The gay guy says, "Somebody call the police! This man just rammed into me!"
The trucker says, "What the fuck did you just say, fucker? Get over here, I'm gonna wreck your ass!"
The gay man then says, "It's okay, everybody, don't call the police! He wants to negotiate."
I like my women like I like my wine. 16 and locked in my in a basement.
I couldn't imagine being Abe Lincoln, that would be mind-blowing!
My only friend who actually cares: "Stop making suicide jokes, I’m really concerned!"

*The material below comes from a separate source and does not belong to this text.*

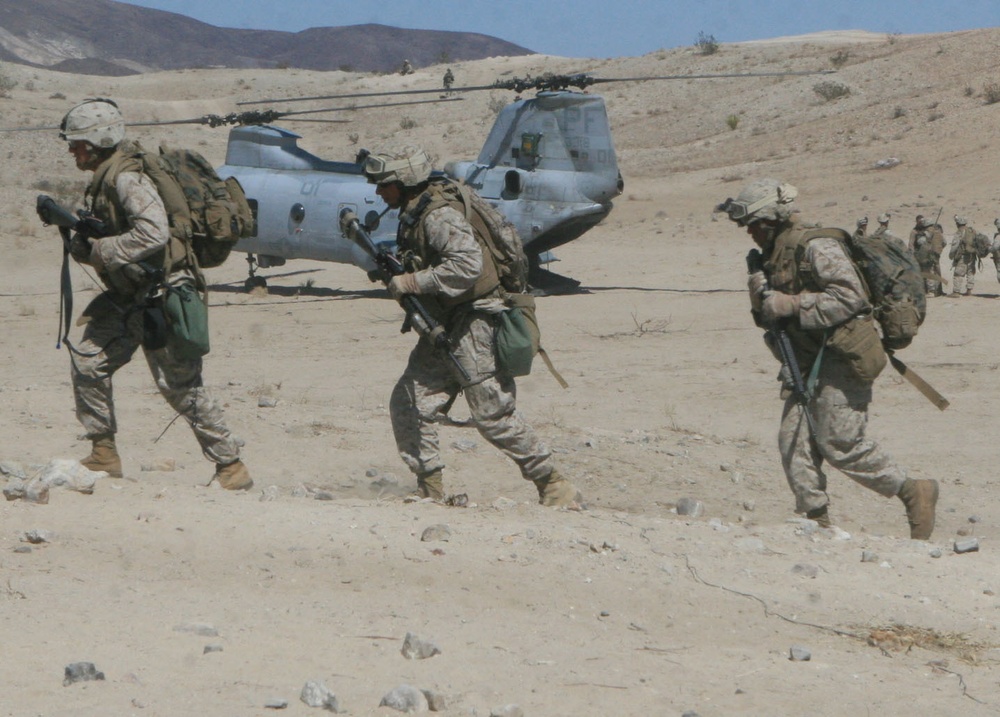 2/2 Marines Enhance Warfighting Skills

Me: Okay, I’ll cut it out.
I Googled "How to start a Wildfire." It gave me 28,452 matches.
What separates bad jokes from dad jokes?
Condoms.
"Just say NO to drugs!" Well, if I'm talking to drugs, I probably already said yes.
What do you call a gay drive-by?
A fruit roll up.
My son was thrown out of school for letting a schoolgirl wank him off.
"That's the third school this year..." I said to my son, "... Maybe teaching isn't for you."
I just watched a 9/11 documentary on a plane. Man next to me said, "You know we're going to New York, right?" I told him I just wanna know what I got into.
What tree is every emo kid trying to find?
The hanging tree.
Why did the orphan go to church?
To hear some "foster" parenting advice.
What’s the difference between a feminist and a school shooter?
A school shooter actually makes an impact on its targets.
A daughter asked her mother, “Mom, how do you spell ‘scrotum’?”
Her mom replied, “Honey, you should have asked me last night—it was on the tip of my tongue.”
An old man takes his grandson fishing in a local pond one day.
After 20 minutes of fishing, the old man fires up a cigar. The young boy asks, "Grandpa, can I have a cigar?" The old man asks, "Son, can your dick touch your asshole?" The young boy says no. "Then u can't have a cigar." Another 20 minutes passes, and the old man opens a beer. The young boy asks, "Grandpa, can I have a beer?" The old man asks, "Son, can your dick touch your asshole?" The young boy says no. "Well, then u can't have a beer."
Another 20 minutes passes and the young boy opens a bag of potato chips.
The old man asks, "Son, can I have some of your chips?" The boy asks, "Well, Grandpa, can your dick touch your asshole?" The old man says, "It sure can." The boy says, "Well good, then go fuck yourself, these are my chips."
If 2 + 2 is 4, and 4 + 4 is 8, then that must mean I can lick your pussy.
What does the Bartles and Jaymes wine cooler television ad have in common with ministers who are white Christian nationalists?
They both thank you for your financial support.
Q: What do you call a blind German man?
Q: A not-see (Nazi).
The lines on the pride flag look pretty straight to me!
Do you ever look at a person and think, "Just how many generations of inbreeding did it take to create you?"